Often, to achieve a reasonable claim of being pivotal, we will focus on standardized statistics, such as the \(t\)-statistic of

\[ t = \frac{est}{\widehat{SE}} \] It is more common for the distribution of a standardized test statistic to have a canonical distribution across scenarios than an absolute estimate.

24.1 Air conditioners: a stolen case study

Following the case study presented in [CITE bootstrap book], consider some failure times of air conditioning units:

dat = c( 3, 5, 7, 18, 43, 85, 91, 98, 100, 130, 230, 487 )

We are interested in the log of the average failure time:

n = length(dat)
y.bar = mean(dat)
theta.hat = log( y.bar )

c( n = n, y.bar = y.bar, theta.hat = theta.hat )
##          n      y.bar  theta.hat 
##  12.000000 108.083333   4.682903

We are interested in this because we are modeling the failure time of the air conditioners with an exponential distribution.

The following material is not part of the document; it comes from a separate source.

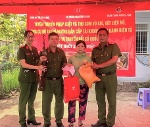 Vận động người dân giao nộp vũ khí, công cụ hỗ trợ tại huyện Vũng Liêm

This means we will generate new failure times with an exponential distribution:

reps = replicate( 10000, {
    smp = rexp(n, 1/y.bar)
    log( mean( smp ) )
})

res_par = tibble( 
  bias.hat = mean( reps ) - theta.hat,
  var.hat = var( reps ),
  CIlog_low = theta.hat + bias.hat - sqrt(var.hat) * qnorm(0.975),
  CIlog_high = theta.hat + bias.hat - sqrt(var.hat) * qnorm(0.025),
  CI_low = exp( CIlog_low ),
  CI_high = exp( CIlog_high ) )
res_par
## # A tibble: 1 × 6
##   bias.hat var.hat CIlog_low CIlog_high CI_low
##      <dbl>   <dbl>     <dbl>      <dbl>  <dbl>
## 1  -0.0420  0.0856      4.07       5.21   58.4
## # ℹ 1 more variable: CI_high <dbl>

Note how we are, as usual, in our standard simulation framework of repeatidly (1) generating data and (2) analyzing the simulated data. Nothing is changed.

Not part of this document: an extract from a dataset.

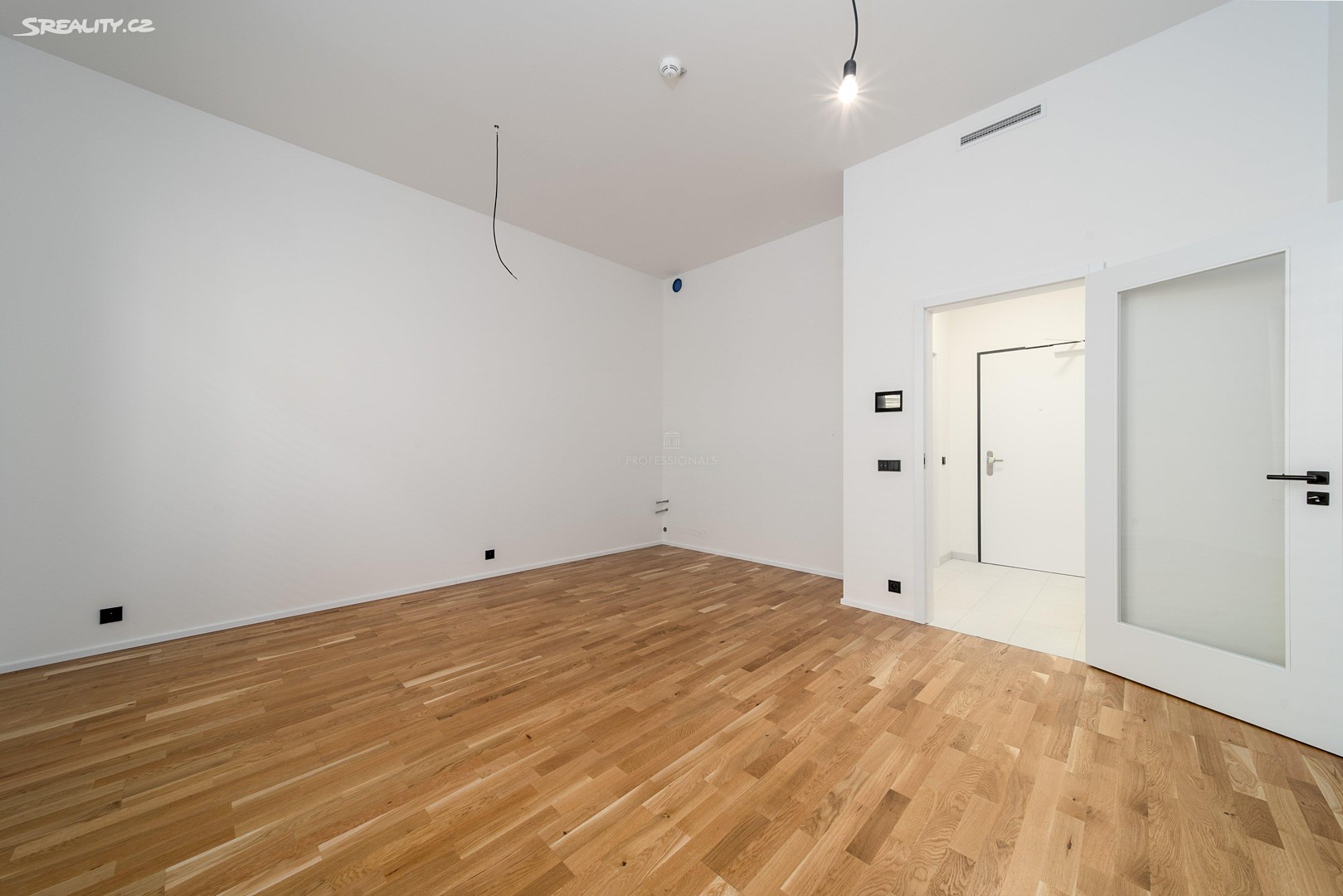 Prodej bytu 1+kk 31 m², Grafická, Praha - Smíchov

The nonparametric, or case-wise, bootstrap (this is what people normally mean when they say bootstrap) would look like this:

reps = replicate( 10000, {
    smp = sample( dat, replace=TRUE )
    log( mean( smp ) )
})

res_np = tibble( 
  bias.hat = mean( reps ) - theta.hat,
  var.hat = var( reps ),
  CIlog_low = theta.hat + bias.hat - sqrt(var.hat) * qnorm(0.975),
  CIlog_high = theta.hat + bias.hat - sqrt(var.hat) * qnorm(0.025),
  CI_low = exp( CIlog_low ),
  CI_high = exp( CIlog_high ) )


bind_rows( parametric = res_par, 
           casewise = res_np, .id = "method") %>%
  mutate( length = CI_high - CI_low )
## # A tibble: 2 × 8
##   method     bias.hat var.hat CIlog_low CIlog_high
##   <chr>         <dbl>   <dbl>     <dbl>      <dbl>
## 1 parametric  -0.0420  0.0856      4.07       5.21
## 2 casewise    -0.0651  0.132       3.90       5.33
## # ℹ 3 more variables: CI_low <dbl>,
## #   CI_high <dbl>, length <dbl>

This is also a simulation: our data generating process is a bit more vague, however, as we are just resampling the data. This means our estimands are not as clearly specified. For example, in our parameteric approach, our target parameter is known to be true. In the case-wise, the connection between our DGP and the parameter theta.hat is less explicit.

Overall, in this case, our parametric bootstrap can model the tail behavior of an exponential better than case-wise. Especially considering the small number of observations, it is going to be a more faithful representation of what we are doing–provided our model is well specified for the real world distribution.